On Sat, 16 Jul 2011 20:04:31 +0000, Andy Breen wrote:

On Sat, 16 Jul 2011 20:49:23 +0100, Clive wrote:

In message , Andy Breen
writes
The pet-cock,

Any similarity between this and the modern clack valve?


As I understand it, the pet-cock was for bleeding steam off from the
pump: "by opening (the pet-cock) the steam in the pump was let out, and
the action renewed" (Marshall, again).

I'd not expect a direct similiarity to anything on a "modern" steam
engine, as even the ones that use hot feed and pumps have the pump well
away from the boiler (and seals are much better, anyway)


Thinking some more...

The clack valve is - essentially - a non-return valve to stop boiler steam
getting back into the feed system, nyet? Presumably the pumps used in early
locomotives had non-return valves in them (well, they must have, being
intended to push water one way...), but it's clear from Marshall's comments
("hot water entered from the leaking of the valves, causing them (the pumps)
to be filled with steam") that they didn't work well enough to keep the
pumps at their duty.

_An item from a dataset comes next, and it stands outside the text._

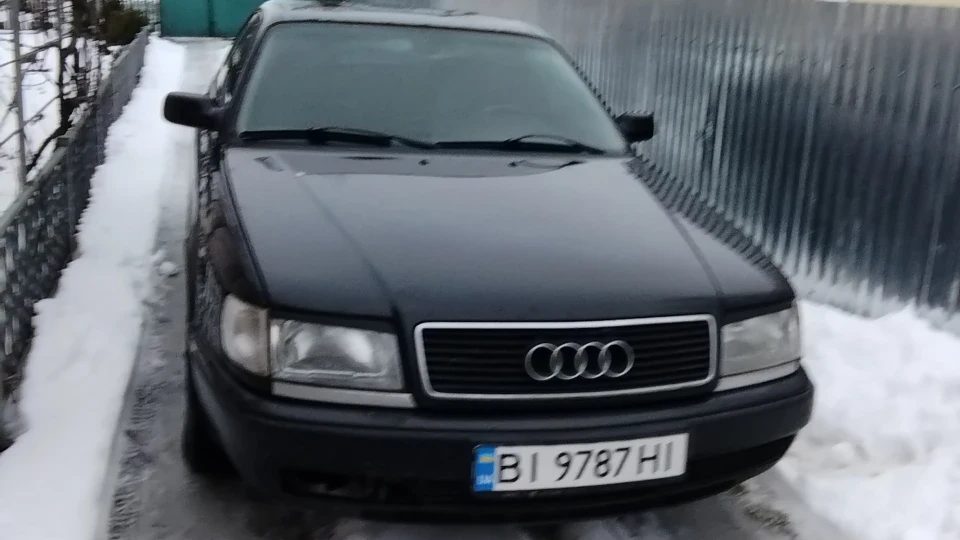 Audi 100 2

Given the materials available at the time, it's
easy to see how this happened - and given that until then most applications
requiring continuous working[1] had been the domain of low-pressure engines,
with Trevithick-type[2] high-pressure engines restricted to more intermittent
tasks[3] where the boiler could be topped up after each burst of work
(pressure having dropped then, anyway..), it's easy to see how the problem
hadn't been encountered before. The valves had worked well enough for low-
pressure (and stationary!) boilers, after all (actually, the battering
taken by the machinery in an unsprung locomotive on short - 3'-4' rails -
can't have helped the functioning of the pump valves at all!).

Essentially, if they could have made a really good clack valve, they'd
not have had the problem with the pumps locking and the pet-cock wouldn't
have been needed. As materials available meant they couldn't, the pet-cock
was a real breakthrough in producing a locomotive which could run more than
a very short distance between extended (and madly hazardous!) stops.